In “Foreign Aid and the Weakening of Democratic Accountability in Uganda,” Mwenda calls into question the effects of foreign aid and debt relief in a country widely considered to be among the most successful aid recipients in Africa.

“Most of Africa’s problems are internal, not external, and concern domestic policies and institutions,” writes Mwenda, the political editor of the Daily Monitor, a newspaper in Kampala, Uganda. “Until those internal problems are addressed, no amount of Western assistance will bring Africa out of poverty. In fact, Western assistance could postpone much‐​needed reforms in the way that African countries are governed.”

Mwenda argues that foreign aid, which makes up 50 percent of the Ugandan government’s budget, provides the government with an unearned source of revenue. When African governments look for revenue in the pockets of international donors, they do not feel the need to pursue economic policies that lead to economic growth. Moreover, they are not forced to strike political compromises with domestic constituencies that would, in the long run, lead to more government accountability.
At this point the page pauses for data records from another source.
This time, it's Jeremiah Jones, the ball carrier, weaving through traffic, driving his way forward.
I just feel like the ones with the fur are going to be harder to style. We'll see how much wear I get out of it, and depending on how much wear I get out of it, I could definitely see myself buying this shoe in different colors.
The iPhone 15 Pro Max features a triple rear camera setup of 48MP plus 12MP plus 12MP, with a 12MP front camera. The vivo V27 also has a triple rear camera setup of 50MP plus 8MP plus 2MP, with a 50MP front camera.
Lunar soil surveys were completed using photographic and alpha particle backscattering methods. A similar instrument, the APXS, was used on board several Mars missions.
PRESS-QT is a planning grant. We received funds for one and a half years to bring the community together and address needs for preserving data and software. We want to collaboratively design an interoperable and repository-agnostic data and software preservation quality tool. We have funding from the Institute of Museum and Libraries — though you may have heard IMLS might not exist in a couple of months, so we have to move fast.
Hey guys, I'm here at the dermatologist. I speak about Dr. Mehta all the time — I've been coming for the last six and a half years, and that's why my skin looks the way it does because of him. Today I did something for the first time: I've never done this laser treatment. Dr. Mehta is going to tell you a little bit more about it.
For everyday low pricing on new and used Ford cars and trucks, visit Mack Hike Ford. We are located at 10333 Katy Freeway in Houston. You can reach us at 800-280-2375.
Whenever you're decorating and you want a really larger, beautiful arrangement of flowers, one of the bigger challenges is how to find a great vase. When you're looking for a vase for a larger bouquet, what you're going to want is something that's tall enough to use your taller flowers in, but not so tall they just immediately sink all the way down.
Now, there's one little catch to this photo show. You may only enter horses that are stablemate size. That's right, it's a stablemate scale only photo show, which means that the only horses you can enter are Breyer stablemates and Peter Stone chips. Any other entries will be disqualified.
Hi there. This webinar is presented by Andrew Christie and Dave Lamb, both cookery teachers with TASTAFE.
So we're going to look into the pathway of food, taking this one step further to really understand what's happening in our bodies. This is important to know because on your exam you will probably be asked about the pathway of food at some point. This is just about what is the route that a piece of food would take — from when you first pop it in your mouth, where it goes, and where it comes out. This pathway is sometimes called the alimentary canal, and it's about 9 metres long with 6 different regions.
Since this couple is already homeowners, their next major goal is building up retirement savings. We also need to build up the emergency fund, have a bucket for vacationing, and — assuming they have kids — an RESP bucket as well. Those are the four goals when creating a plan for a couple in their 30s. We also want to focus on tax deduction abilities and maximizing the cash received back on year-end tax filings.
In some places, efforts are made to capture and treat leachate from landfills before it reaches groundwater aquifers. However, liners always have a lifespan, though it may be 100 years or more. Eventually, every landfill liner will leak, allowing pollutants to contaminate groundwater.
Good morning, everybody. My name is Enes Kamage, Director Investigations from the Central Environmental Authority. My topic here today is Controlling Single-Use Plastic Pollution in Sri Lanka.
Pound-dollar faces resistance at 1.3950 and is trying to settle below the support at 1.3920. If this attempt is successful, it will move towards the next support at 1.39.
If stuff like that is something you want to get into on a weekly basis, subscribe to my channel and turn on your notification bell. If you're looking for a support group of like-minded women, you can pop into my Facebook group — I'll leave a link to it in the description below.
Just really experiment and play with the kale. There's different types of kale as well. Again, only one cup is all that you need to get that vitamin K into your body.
Debt relief can lead to further increases in debt and does not address the problem of government waste. For example, following debt relief in 1998, the Ugandan government bought a private jet for the president that cost US$35 million. Debt relief has also allowed the government to borrow still more, remain heavily indebted, and significantly increase political patronage.

“Throwing money at governments is certainly not the right way to make them fiscally prudent,” says the author. “Uganda’s experience is important because it demonstrates the weakness of the arguments for more aid and debt forgiveness.”

When looking for the money needed to pay for policies that improve the welfare of the citizens, governments should listen to domestic constituencies that include the private sector and put into place policies that expand output. “Increased output, combined with trade liberalization, allows producers to sell their goods abroad and become more prosperous in the process,” concludes Mwenda.